The great state of New Jersey was named such by Sir John Berkley and Sir George Carteret. Carteret was a native of the island of Jersey in the English Channel and served as Lieutenant Governor for several years. It was the third state to ratify the U.S. Constitution in 1787 and was the first to ratify the Bill of Rights in 1789. Among the first to join the great Union of this nation, New Jersey is rich in history, industry and greenery?
There is some confusion in the origin of the nick name “The Garden State”. It was first heard at the Centennial Exhibition in Philadelphia by Abraham Browning of Camden. According Alfred Heston’s book, “Jersey Waggon Jaunts” Browning said “that our Garden State is an immense barrel, filled with good things to eat and open at both ends, with Pennsylvanians grabbing from one end and New Yorkers from the other’. Strangely enough, the name stuck.

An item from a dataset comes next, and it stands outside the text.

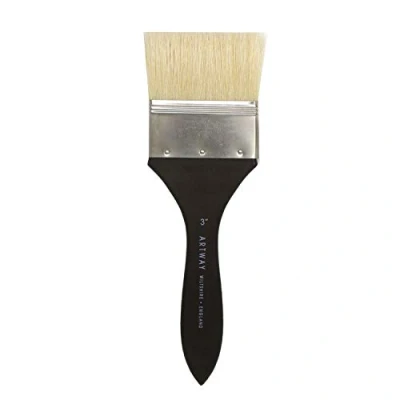 Image of Artway 3&quot; Flat Paint Brush Short Handle Hog Hair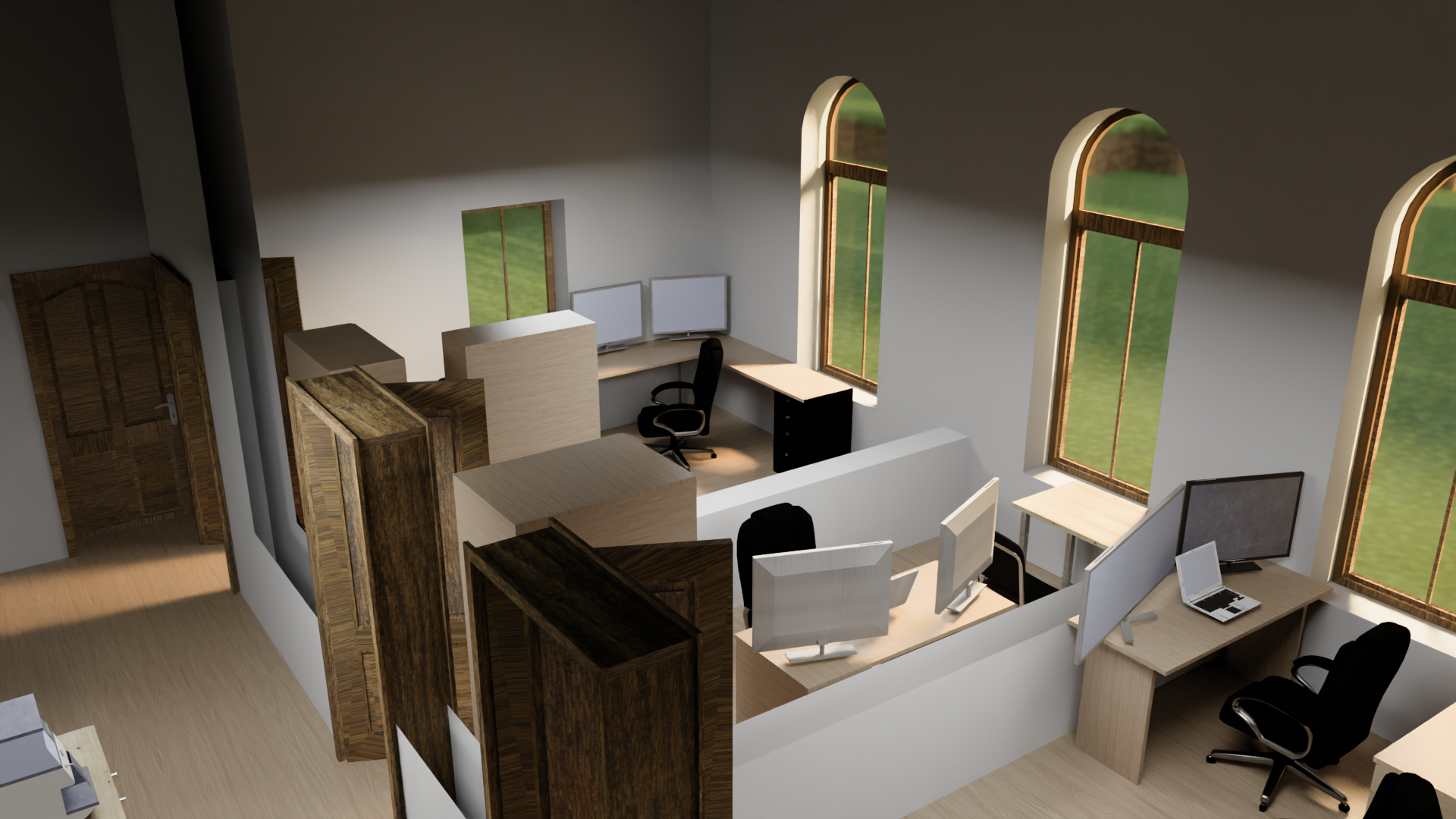 wizualizacja wnętrza budynku przy ul. Heweliusza 5 stworzona przez studentów Wydziału Geoinżynierii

From as early 1791, New Jersey has been an industry heavy state, leading the country in industry and complete with major transportation connections across land, sea and air. In 1954, legislature voted to add the nick name “Garden State to New Jersey license plates. Governor Robert Meyner actually refused to sign the bill stating “"New Jersey is noted for its great strides in manufacturing, mining, commerce, construction, power, transportation, shipping, merchandising, fishing and recreation, as well as in agriculture. I do not believe that the average citizen of New Jersey regards his state as more peculiarly identifiable with gardening for farming than any of its other industries or occupations." He vetoed the bill, legislature overrode the veto and the rest is history.
Perhaps Governor Meyner was on to something. To this day, New Jersey boasts some of the richest history, resources and commerce in the country and it most definitely the gate way to the world. Maybe the Garden State refers to the rich “soil” this state has to offer to grow the most abundant, lush gardens. I would vote for that.